» **Work to complete**:
Without any of the pictures, set down the data below exactly.

» **Material provided**:
⁂
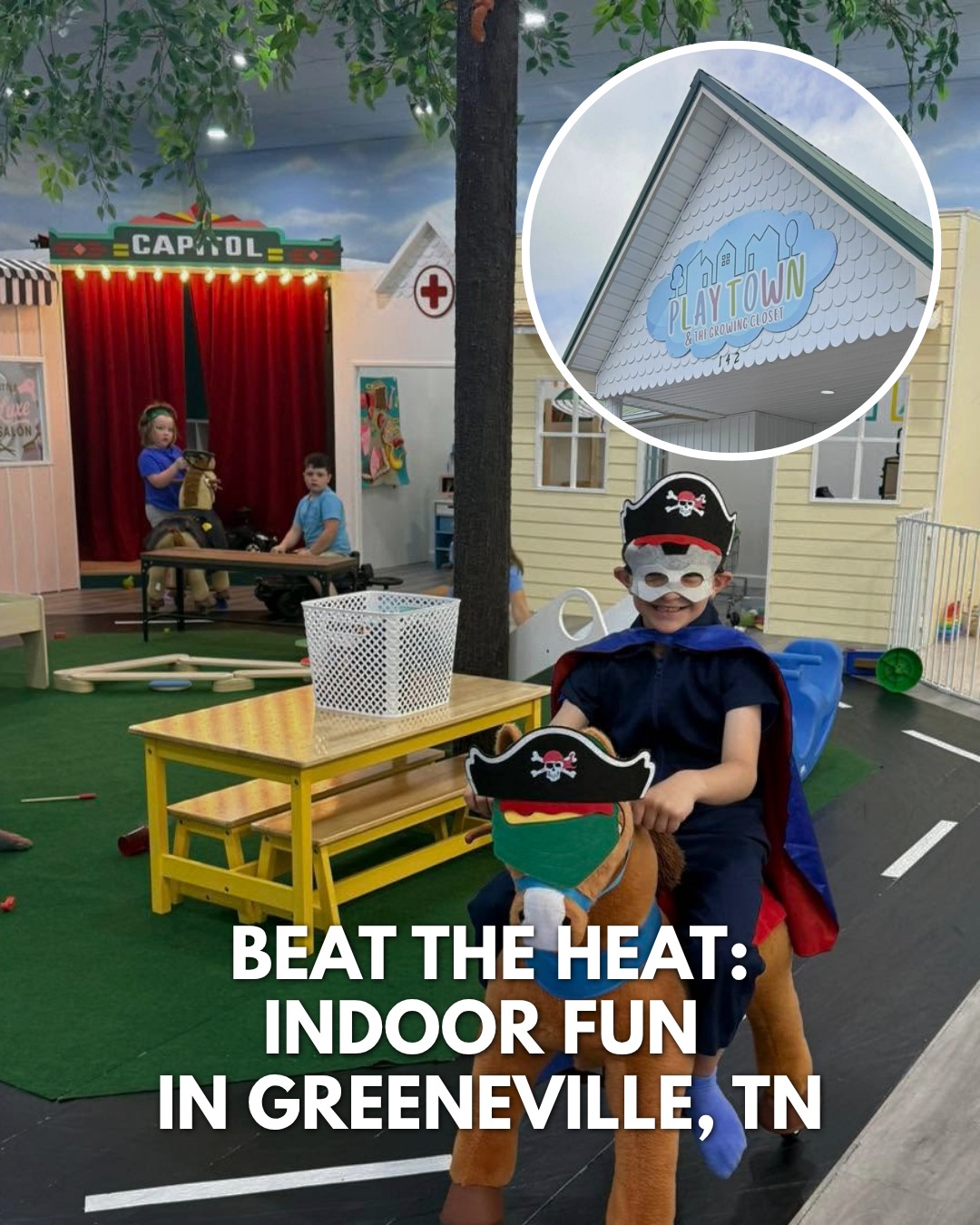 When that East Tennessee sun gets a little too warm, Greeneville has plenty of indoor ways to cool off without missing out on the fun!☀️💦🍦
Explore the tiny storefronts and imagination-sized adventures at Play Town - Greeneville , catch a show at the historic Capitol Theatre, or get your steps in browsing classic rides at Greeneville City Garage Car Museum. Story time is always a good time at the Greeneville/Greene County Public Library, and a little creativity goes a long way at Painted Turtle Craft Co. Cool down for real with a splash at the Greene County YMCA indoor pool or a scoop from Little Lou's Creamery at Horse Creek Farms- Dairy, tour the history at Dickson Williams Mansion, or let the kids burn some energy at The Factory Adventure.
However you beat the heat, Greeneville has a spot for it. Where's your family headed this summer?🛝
⁂
» **Reply to the task**:
 When that East Tennessee sun gets a little too warm, Greeneville has plenty of indoor ways to cool off without missing out on the fun!☀️💦🍦
Explore the tiny storefronts and imagination-sized adventures at Play Town - Greeneville , catch a show at the historic Capitol Theatre, or get your steps in browsing classic rides at Greeneville City Garage Car Museum. Story time is always a good time at the Greeneville/Greene County Public Library, and a little creativity goes a long way at Painted Turtle Craft Co. Cool down for real with a splash at the Greene County YMCA indoor pool or a scoop from Little Lou's Creamery at Horse Creek Farms- Dairy, tour the history at Dickson Williams Mansion, or let the kids burn some energy at The Factory Adventure.
However you beat the heat, Greeneville has a spot for it. Where's your family headed this summer?🛝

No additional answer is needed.